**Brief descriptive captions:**
§ §

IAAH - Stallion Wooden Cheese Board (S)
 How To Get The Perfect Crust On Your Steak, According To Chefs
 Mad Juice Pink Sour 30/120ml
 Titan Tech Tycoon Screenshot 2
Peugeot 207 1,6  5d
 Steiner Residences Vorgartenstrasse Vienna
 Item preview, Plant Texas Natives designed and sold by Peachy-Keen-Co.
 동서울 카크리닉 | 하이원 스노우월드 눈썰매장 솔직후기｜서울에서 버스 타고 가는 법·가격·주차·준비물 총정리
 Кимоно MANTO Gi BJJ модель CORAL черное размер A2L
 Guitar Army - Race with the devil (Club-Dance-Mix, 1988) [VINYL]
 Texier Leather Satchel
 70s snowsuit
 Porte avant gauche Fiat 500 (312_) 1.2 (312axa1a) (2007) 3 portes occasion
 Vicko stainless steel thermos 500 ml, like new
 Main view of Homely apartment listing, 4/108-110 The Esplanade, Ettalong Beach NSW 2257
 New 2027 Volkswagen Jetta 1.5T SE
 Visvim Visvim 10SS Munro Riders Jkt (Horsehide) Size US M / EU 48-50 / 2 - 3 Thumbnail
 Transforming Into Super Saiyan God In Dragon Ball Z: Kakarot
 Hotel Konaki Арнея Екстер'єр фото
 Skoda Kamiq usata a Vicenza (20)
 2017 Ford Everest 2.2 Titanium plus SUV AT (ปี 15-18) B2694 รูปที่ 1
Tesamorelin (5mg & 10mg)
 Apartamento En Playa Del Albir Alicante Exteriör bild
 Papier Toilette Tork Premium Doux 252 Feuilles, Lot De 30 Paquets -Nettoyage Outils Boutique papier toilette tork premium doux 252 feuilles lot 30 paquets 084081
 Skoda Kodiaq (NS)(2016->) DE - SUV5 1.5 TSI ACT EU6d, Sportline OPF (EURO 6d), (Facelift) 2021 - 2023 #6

§ §

**WORK REQUEST:**
Repeat each of the entries above precisely as given.

**ANSWER TO THIS PROBLEM:**
IAAH - Stallion Wooden Cheese Board (S)
 How To Get The Perfect Crust On Your Steak, According To Chefs
 Mad Juice Pink Sour 30/120ml
 Titan Tech Tycoon Screenshot 2
Peugeot 207 1,6  5d
 Steiner Residences Vorgartenstrasse Vienna
 Item preview, Plant Texas Natives designed and sold by Peachy-Keen-Co.
 동서울 카크리닉 | 하이원 스노우월드 눈썰매장 솔직후기｜서울에서 버스 타고 가는 법·가격·주차·준비물 총정리
 Кимоно MANTO Gi BJJ модель CORAL черное размер A2L
 Guitar Army - Race with the devil (Club-Dance-Mix, 1988) [VINYL]
 Texier Leather Satchel
 70s snowsuit
 Porte avant gauche Fiat 500 (312_) 1.2 (312axa1a) (2007) 3 portes occasion
 Vicko stainless steel thermos 500 ml, like new
 Main view of Homely apartment listing, 4/108-110 The Esplanade, Ettalong Beach NSW 2257
 New 2027 Volkswagen Jetta 1.5T SE
 Visvim Visvim 10SS Munro Riders Jkt (Horsehide) Size US M / EU 48-50 / 2 - 3 Thumbnail
 Transforming Into Super Saiyan God In Dragon Ball Z: Kakarot
 Hotel Konaki Арнея Екстер'єр фото
 Skoda Kamiq usata a Vicenza (20)
 2017 Ford Everest 2.2 Titanium plus SUV AT (ปี 15-18) B2694 รูปที่ 1
Tesamorelin (5mg & 10mg)
 Apartamento En Playa Del Albir Alicante Exteriör bild
 Papier Toilette Tork Premium Doux 252 Feuilles, Lot De 30 Paquets -Nettoyage Outils Boutique papier toilette tork premium doux 252 feuilles lot 30 paquets 084081
 Skoda Kodiaq (NS)(2016->) DE - SUV5 1.5 TSI ACT EU6d, Sportline OPF (EURO 6d), (Facelift) 2021 - 2023 #6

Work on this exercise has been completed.